## Task brief
A partial copy is required: transcribe exactly the lines from the one containing "WhiteFemale - Maine" through the last line below, without any pictures.
*** Given records Section Begins ***
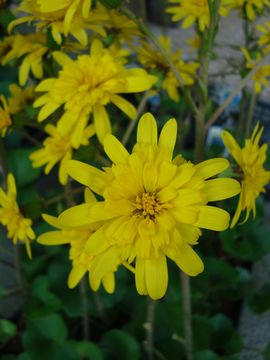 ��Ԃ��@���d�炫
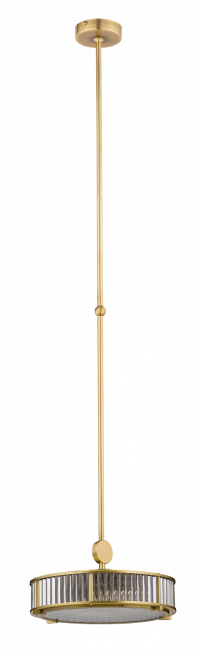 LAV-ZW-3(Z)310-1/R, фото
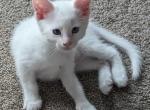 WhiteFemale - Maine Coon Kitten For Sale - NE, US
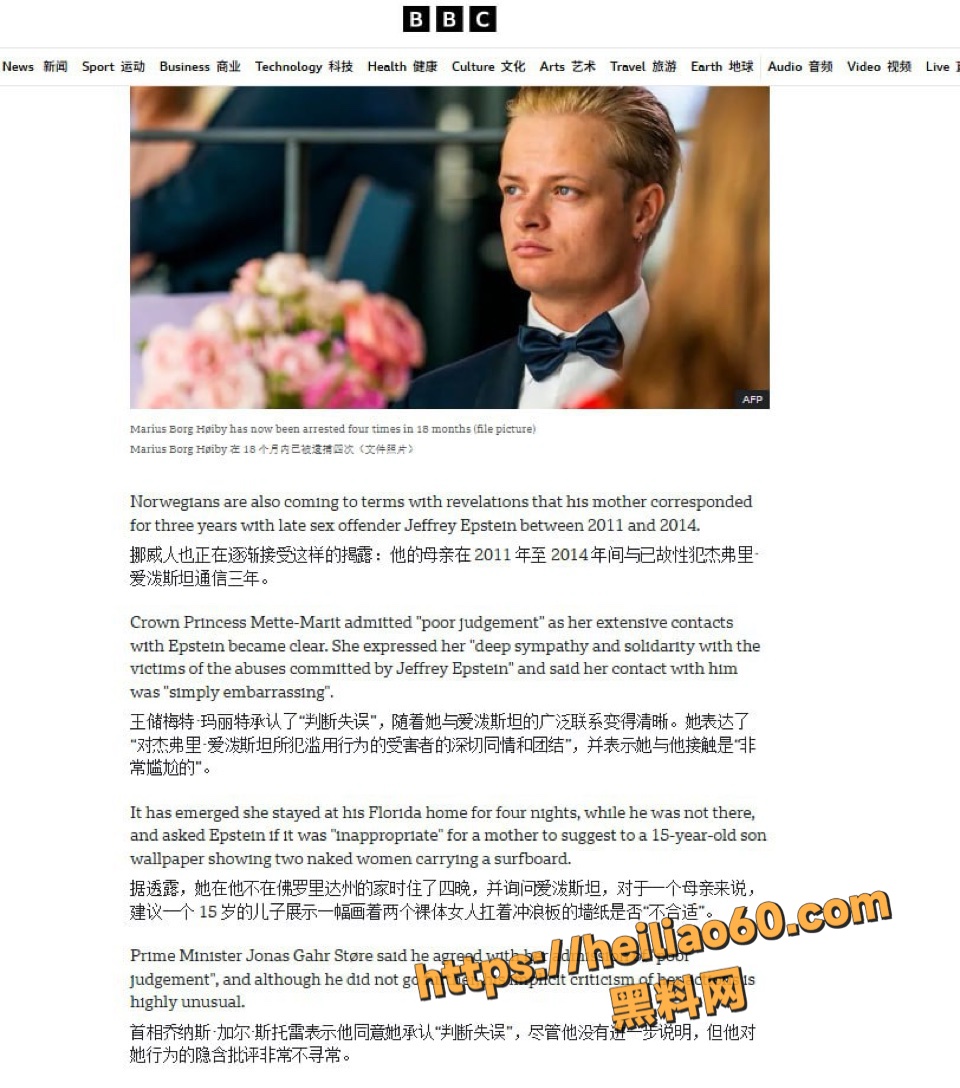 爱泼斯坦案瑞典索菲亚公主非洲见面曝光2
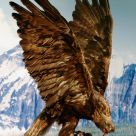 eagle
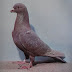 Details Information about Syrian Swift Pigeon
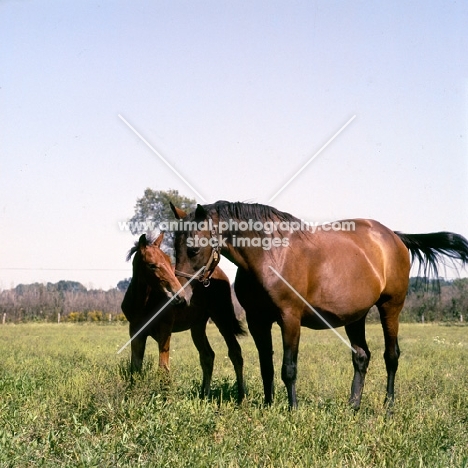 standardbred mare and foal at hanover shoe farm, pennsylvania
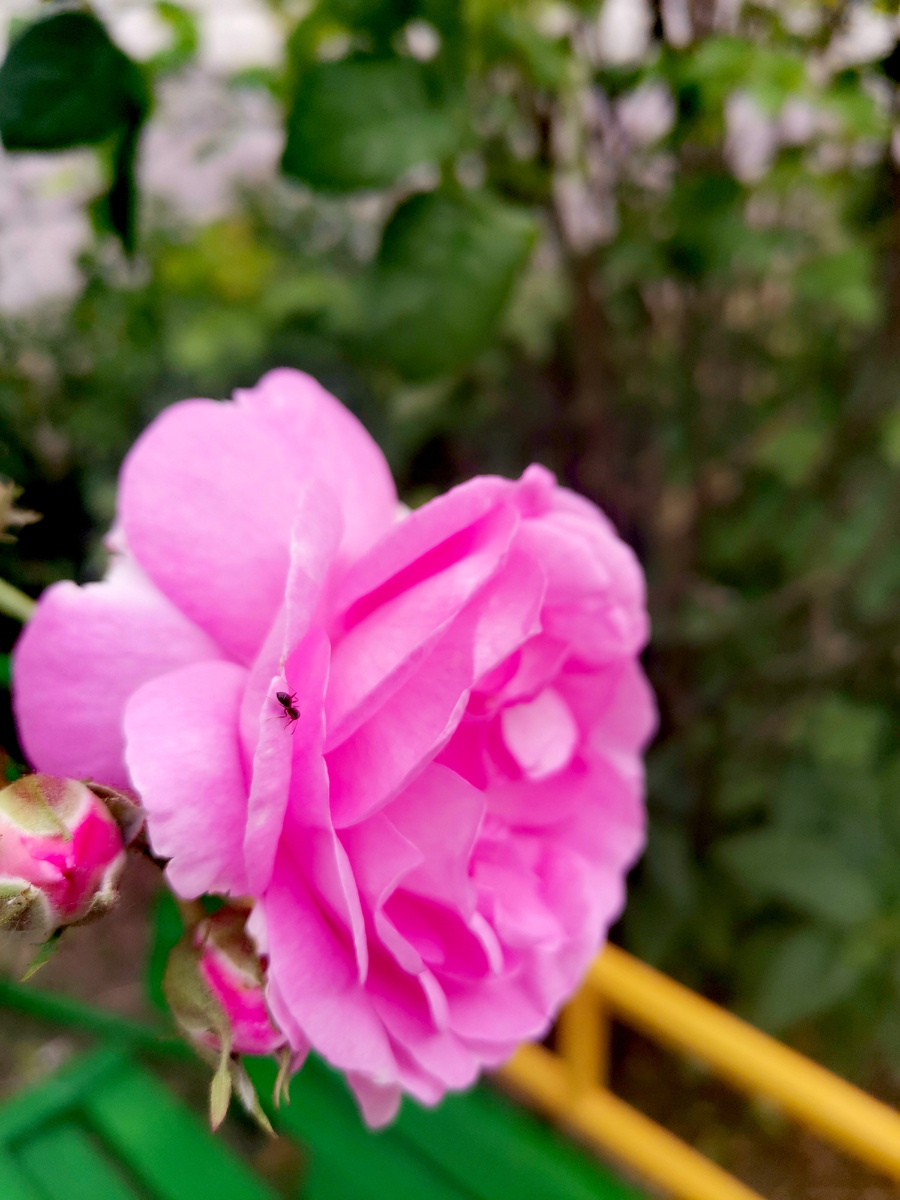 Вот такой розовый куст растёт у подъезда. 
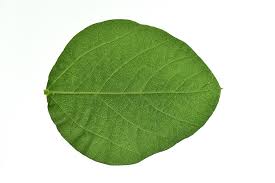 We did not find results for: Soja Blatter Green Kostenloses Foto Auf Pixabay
*** Given records Section Ends ***
## Reply to the exercise
 WhiteFemale - Maine Coon Kitten For Sale - NE, US
 爱泼斯坦案瑞典索菲亚公主非洲见面曝光2
 eagle
 Details Information about Syrian Swift Pigeon
 standardbred mare and foal at hanover shoe farm, pennsylvania
 Вот такой розовый куст растёт у подъезда. 
 We did not find results for: Soja Blatter Green Kostenloses Foto Auf Pixabay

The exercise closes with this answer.